Signed-off-by: Pierre Peiffer <pierre.peiffer@bull.net>
Signed-off-by: Nadia Derbey <Nadia.Derbey@bull.net>
---
 ipc/sem.c |  116 ++++++++++++++++++++++++++++++++++++++++++++------------------
 1 file changed, 83 insertions(+), 33 deletions(-)
Index: linux-2.6.26-rc5-mm3/ipc/sem.c
===================================================================
--- linux-2.6.26-rc5-mm3.orig/ipc/sem.c	2008-06-20 12:01:55.000000000 +0200
+++ linux-2.6.26-rc5-mm3/ipc/sem.c	2008-06-20 12:43:33.000000000 +0200
@@ -925,8 +925,9 @@ asmlinkage long sys_semctl (int semid, i
 }
 
 /* If the task doesn't already have a undo_list, then allocate one
- * here.  We guarantee there is only one thread using this undo list,
- * and current is THE ONE
+ * here.
+ * The target task (tsk) is current in the general case, except when
+ * accessed from the procfs (ie when writting to /proc/<pid>/semundo)
  *
  * If this allocation and assignment succeeds, but later
  * portions of this code fail, there is no need to free the sem_undo_list.

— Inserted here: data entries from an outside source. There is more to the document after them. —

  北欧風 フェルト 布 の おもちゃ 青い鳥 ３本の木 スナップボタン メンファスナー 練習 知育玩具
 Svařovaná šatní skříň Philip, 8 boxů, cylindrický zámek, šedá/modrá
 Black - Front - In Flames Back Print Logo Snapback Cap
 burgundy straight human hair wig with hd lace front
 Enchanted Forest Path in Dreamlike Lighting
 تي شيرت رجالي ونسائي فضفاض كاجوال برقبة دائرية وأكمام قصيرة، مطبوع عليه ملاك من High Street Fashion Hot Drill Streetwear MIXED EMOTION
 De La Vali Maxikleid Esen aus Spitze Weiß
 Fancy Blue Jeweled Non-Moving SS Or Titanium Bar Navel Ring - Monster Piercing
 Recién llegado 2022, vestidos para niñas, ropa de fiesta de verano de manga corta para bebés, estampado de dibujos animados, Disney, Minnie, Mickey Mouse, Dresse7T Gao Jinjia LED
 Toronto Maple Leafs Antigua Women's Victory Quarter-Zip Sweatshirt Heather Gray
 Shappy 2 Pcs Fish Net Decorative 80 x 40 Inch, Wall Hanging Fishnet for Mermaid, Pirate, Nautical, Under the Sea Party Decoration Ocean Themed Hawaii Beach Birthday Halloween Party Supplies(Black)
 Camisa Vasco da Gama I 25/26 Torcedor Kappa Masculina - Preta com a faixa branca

@@ -934,28 +935,68 @@ asmlinkage long sys_semctl (int semid, i
  * at exit time.
  *
  * This can block, so callers must hold no locks.
+ *
+ * Note:
+ * If there is already an undo_list for this task, there is no need
+ * to hold the task-lock to retrieve it, as the pointer can not change
+ * afterwards.
+ *
+ * Concurrent tasks are allowed to access and go through the semundo_list
+ * only if they successfully grabbed a refcnt.
+ * If the undo_list is created here, its refcnt is unconditionally set to 2.
  */
-static inline int get_undo_list(struct sem_undo_list **undo_listp)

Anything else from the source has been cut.